WHAT YOU NEED TO DO:
A word-for-word copy of the entries is the goal; leave out the pictures.

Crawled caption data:
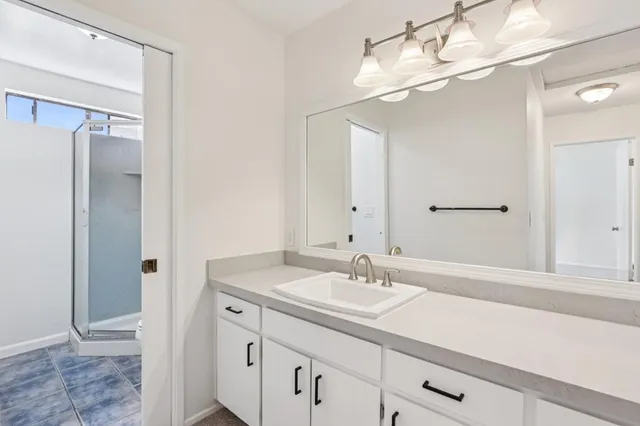 a bathroom with a sink double vanity and a mirror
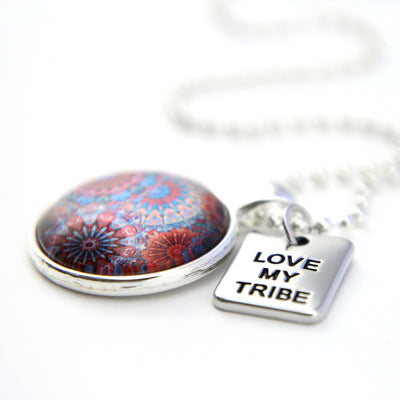Blue, orange and red pattern print pendant necklace with bright silver ball chain and Love My Tribe word charm.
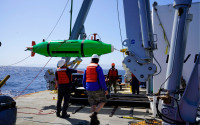 Crew members launch an AUV off a research vessel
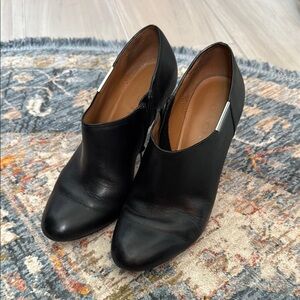 Coach Elegant Black Women's Zippered bootie with silver hardware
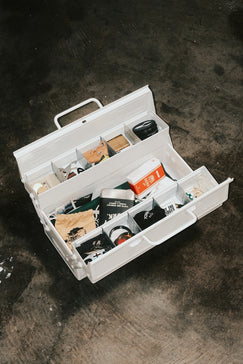 White toolbox filled with various items on a dark surface.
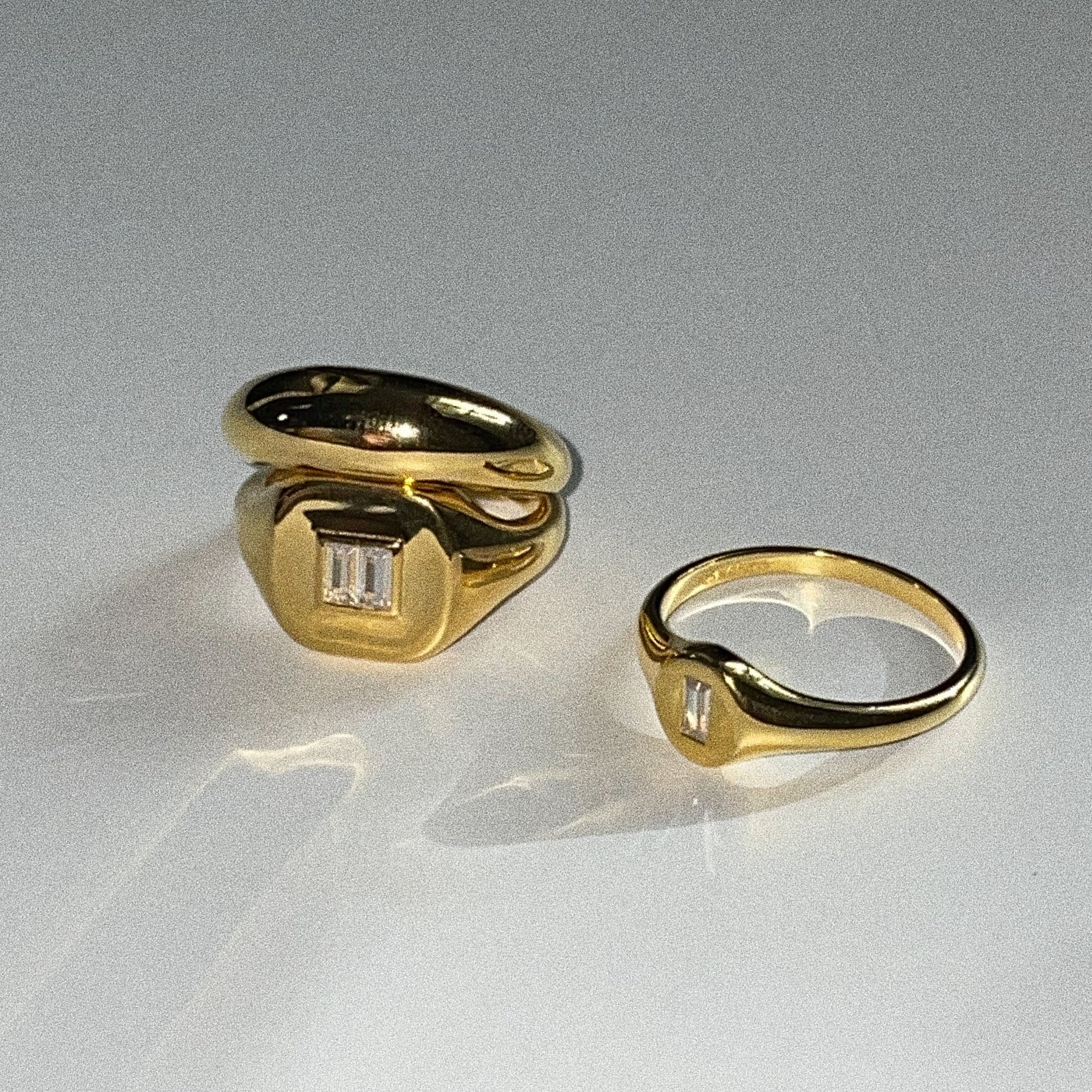The Billy Signet Ring is a perfect in-between of a masculine and feminine look with a bold and exaggerated face. Subtly embellished with two baguette zircon stones.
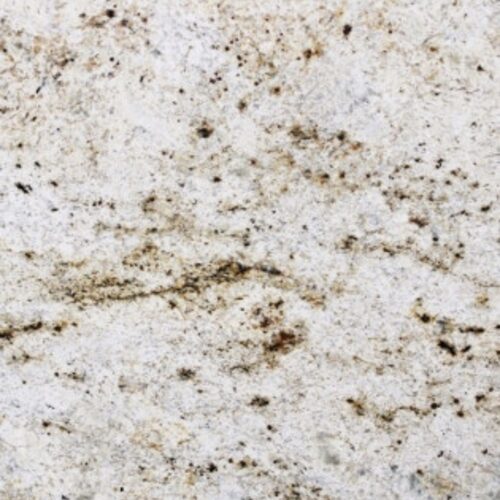 Colonial Gold granite slab close-up, cream and beige stone with rust speckling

EXPECTED ANSWER:
 a bathroom with a sink double vanity and a mirror
Blue, orange and red pattern print pendant necklace with bright silver ball chain and Love My Tribe word charm.
 Crew members launch an AUV off a research vessel
 Coach Elegant Black Women's Zippered bootie with silver hardware
 White toolbox filled with various items on a dark surface.
The Billy Signet Ring is a perfect in-between of a masculine and feminine look with a bold and exaggerated face. Subtly embellished with two baguette zircon stones.
 Colonial Gold granite slab close-up, cream and beige stone with rust speckling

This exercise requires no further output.